Para o presidente do SINDARPA Luiz Ivan Janaú Barbosa o momento é importante para se efetivar a logística necessária não só para a região, mas para todo centro oeste do Brasil. "Logística depende de solução de continuidade, qualquer atraso na derrocagem do Pedral do Lourenço, por exemplo, compromete os investimentos feitos nas Eclusas de Tucurui, além de causar prejuízos incalculáveis aos agentes econômicos que já operam e os que pretendem se instalar aqui", afirma Luiz Ivan.
A ADECON dá como certa a participação do Diretor Geral da Agência Nacional de Transportes Aquaviários – ANTAQ, Fernando Antonio Brito Fialho, que juntamente com representantes do Ministério dos Transportes, Agricultura e DNIT, deverão participar das discussões.
Os patrões da navegação no Pará miram nas obras de derrocagem do rio Tocantins que viabilizará a hidrovia Tocantins-Araguaia. O transporte de cargas através da hidrovia é negócio milionário e envolve outros setores como a indústria naval. Recentemente, o estaleiro Maguari, de Belém, fechou contrato com a Petrobras para construção de 80 barcaças que operarão na Hidrovia do Tietê, em S.Paulo, ao custo de 300 milhões de dólares. Estima-se que a hidrovia Tocantins-Araguaia venha a operar duas vezes mais dessas unidades transportadoras.

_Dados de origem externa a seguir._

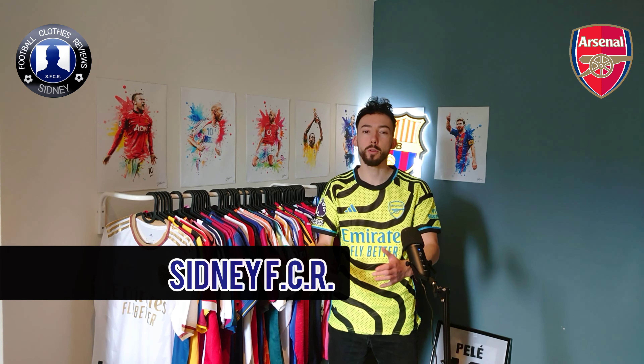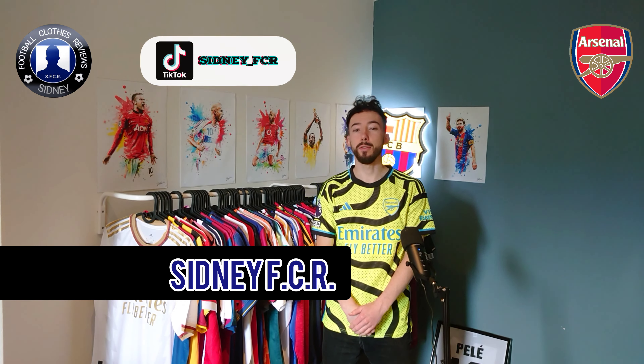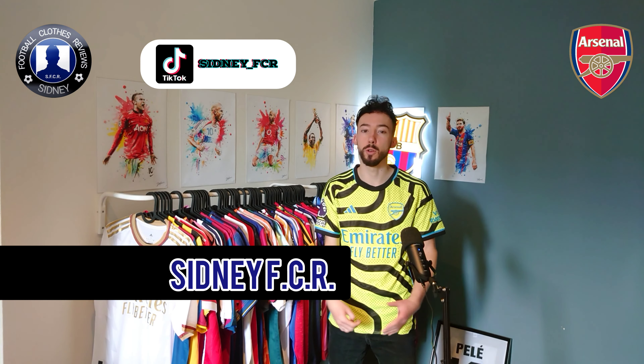Yo everyone, this is Sidney FCR and welcome to another review video. In this video today we're gonna have a closer look at this new Arsenal away jersey for this season, 2023-2024.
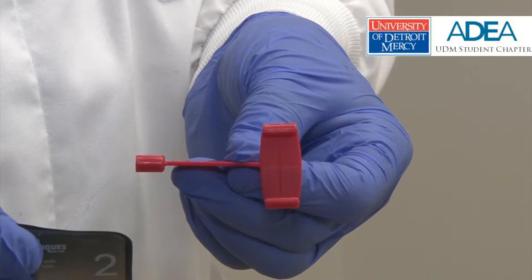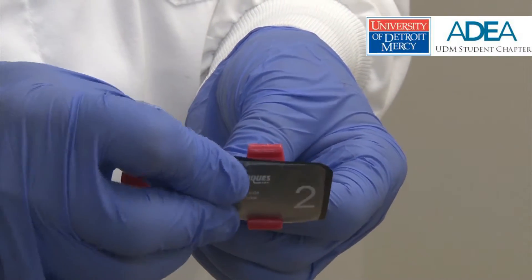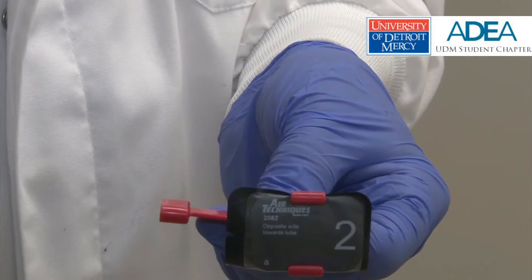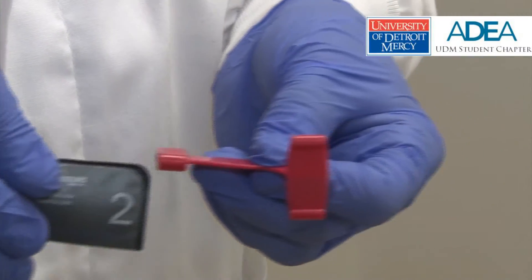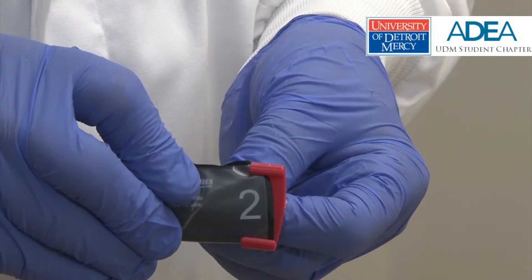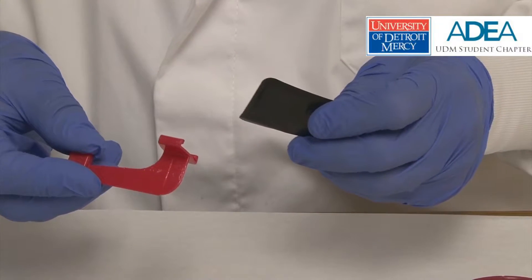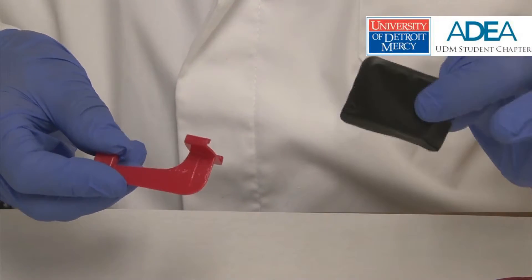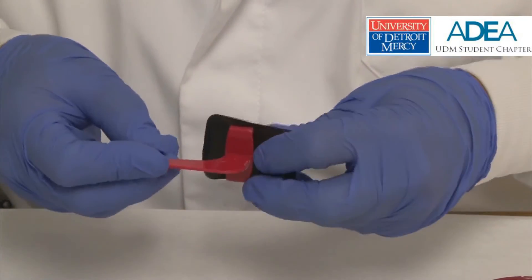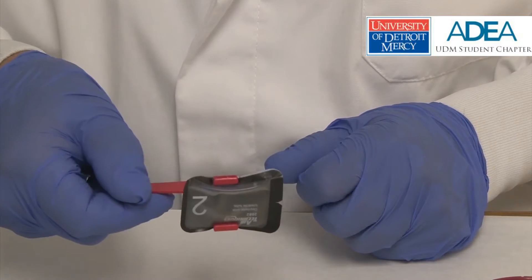For bite-wing radiographs, the number two sensor is placed in the holder by adapting it to the ledge, giving it a slight bend, and snapping it into position. If the student tries to slide the sensor into the holder, it will cut the sleeve and violate the infection control protocol. In the bite-wing holder, it seems contrary, but the black image side of the sensor sleeve is placed against the plastic holder, and the logo side is fully visible.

Parlamentares pela Hidrovia - Coincidentemente, hoje, parlamentares paraenses devem reunir-se com Jorge Ernesto Fraxe, Diretor-Geral do DNIT para apresentar uma série de reivindicações direta ou indiretamente relacionadas à Hidrovia. Uma delas é o asfaltamento da Rodovia Transamazônica e a reinclusão das obras de derrocagem do "Pedral do Lourenço" no Programa de Aceleração do Crescimento II, obra que viabilizará a navegabilidade do Tocantins entre Marabá e Tucuruí. Existe a possibilidade que o DNIT garanta a realização da obra através de uma parceria entre o Governo Federal e a Vale, uma das interessadas no projeto e que, inicialmente, será a maior beneficiada pela hidrovia.